[Collected data entries]
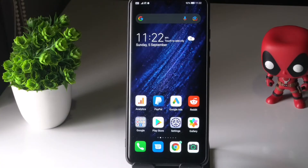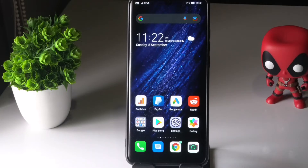Hi guys, welcome back to Goodtroy Tips. In this video I am going to talk about how to clear the code cache on your Android device and how to do this, so let's get started.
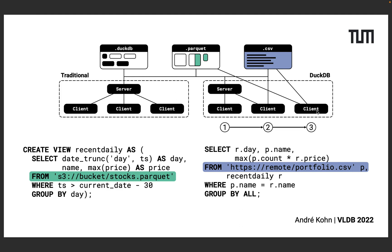With DuckDB and DuckDB Wasm we still have this option here marked with the number 1 but also two new ones. Option 3 does not involve any database server at all but instead the client fetches both files and then executes the queries locally.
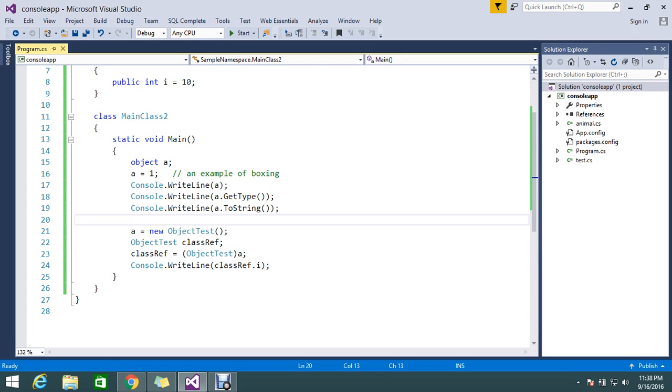So by assigning some value to the object, that will commonly be called boxing. So once you convert back to the value type, which data type, suppose integer.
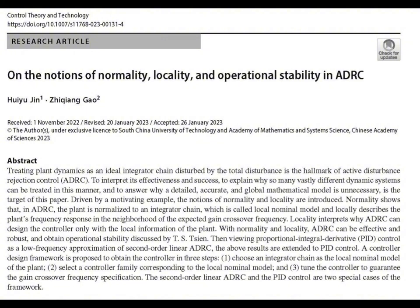That's exactly where the concepts of normality and locality come in, and this is what the paper really digs into. It turns out that by focusing on a specific frequency range, we can actually make this simplification work incredibly well. The paper starts with an example of a system with uncertain parameters — something you'd encounter all the time in the real world — and they apply what's called a second order LADRC, which uses an extended state observer, or ESO, to figure out what's messing with the system's behavior, and then a controller to counteract those disturbances.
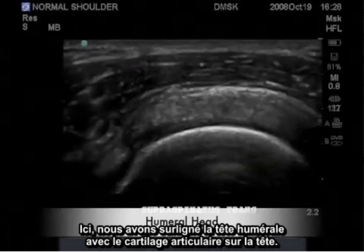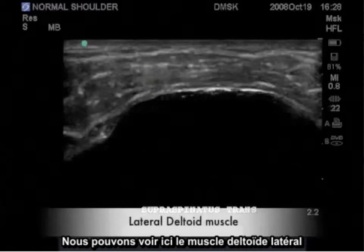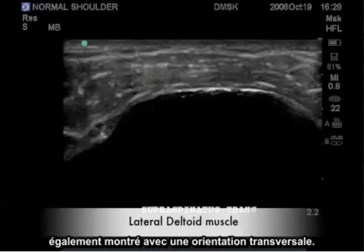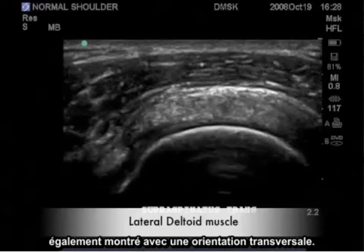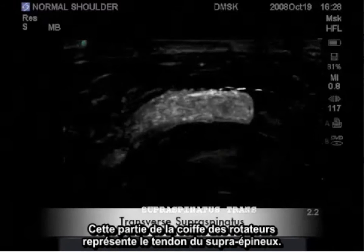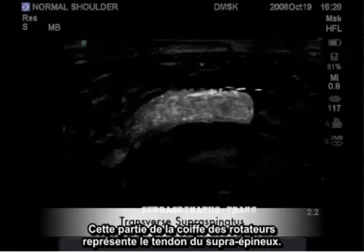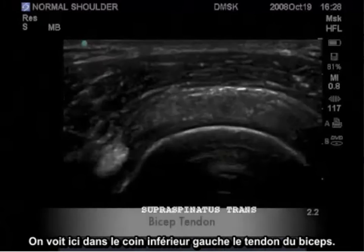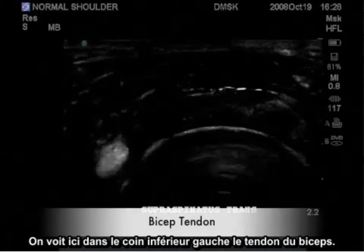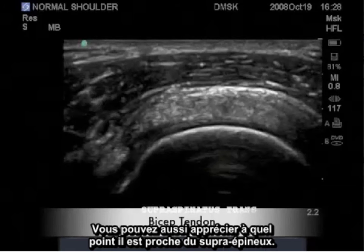Here we have highlighted the humeral head with articular cartilage over the head, and the lateral deltoid muscle also imaged in a transverse orientation. This portion of the rotator cuff represents the true supraspinatus tendon. Shown in the lower left corner is the bicep tendon — you can see how closely it follows the supraspinatus.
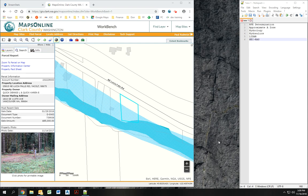Hi, this is Paul Rudwick with Clark County. Today I'm going to talk to you about floodplains, specifically how to determine a base flood elevation in an approximate A zone. An approximate A zone is a zone in FEMA's flood mapping which hasn't had a full study done, so there is no base flood elevation — essentially no water surface elevation for a 100-year flow condition.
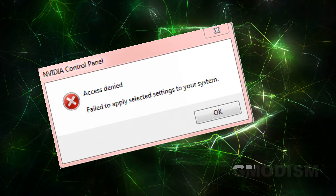Do you get this error message? NVIDIA Control Panel access denied. Failed to apply the selected settings to your system. If you have this problem, this is the video to help you solve the problem.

## REQUIREMENT
Set the entries down again exactly. Do not include the images.

## RESPONSE TO THIS TASK
Hi guys, welcome back to Goodtroy Tips. In this video I am going to talk about how to clear the code cache on your Android device and how to do this, so let's get started.
With DuckDB and DuckDB Wasm we still have this option here marked with the number 1 but also two new ones. Option 3 does not involve any database server at all but instead the client fetches both files and then executes the queries locally.
So by assigning some value to the object, that will commonly be called boxing. So once you convert back to the value type, which data type, suppose integer.
That's exactly where the concepts of normality and locality come in, and this is what the paper really digs into. It turns out that by focusing on a specific frequency range, we can actually make this simplification work incredibly well. The paper starts with an example of a system with uncertain parameters — something you'd encounter all the time in the real world — and they apply what's called a second order LADRC, which uses an extended state observer, or ESO, to figure out what's messing with the system's behavior, and then a controller to counteract those disturbances.
Here we have highlighted the humeral head with articular cartilage over the head, and the lateral deltoid muscle also imaged in a transverse orientation. This portion of the rotator cuff represents the true supraspinatus tendon. Shown in the lower left corner is the bicep tendon — you can see how closely it follows the supraspinatus.
Hi, this is Paul Rudwick with Clark County. Today I'm going to talk to you about floodplains, specifically how to determine a base flood elevation in an approximate A zone. An approximate A zone is a zone in FEMA's flood mapping which hasn't had a full study done, so there is no base flood elevation — essentially no water surface elevation for a 100-year flow condition.
Do you get this error message? NVIDIA Control Panel access denied. Failed to apply the selected settings to your system. If you have this problem, this is the video to help you solve the problem.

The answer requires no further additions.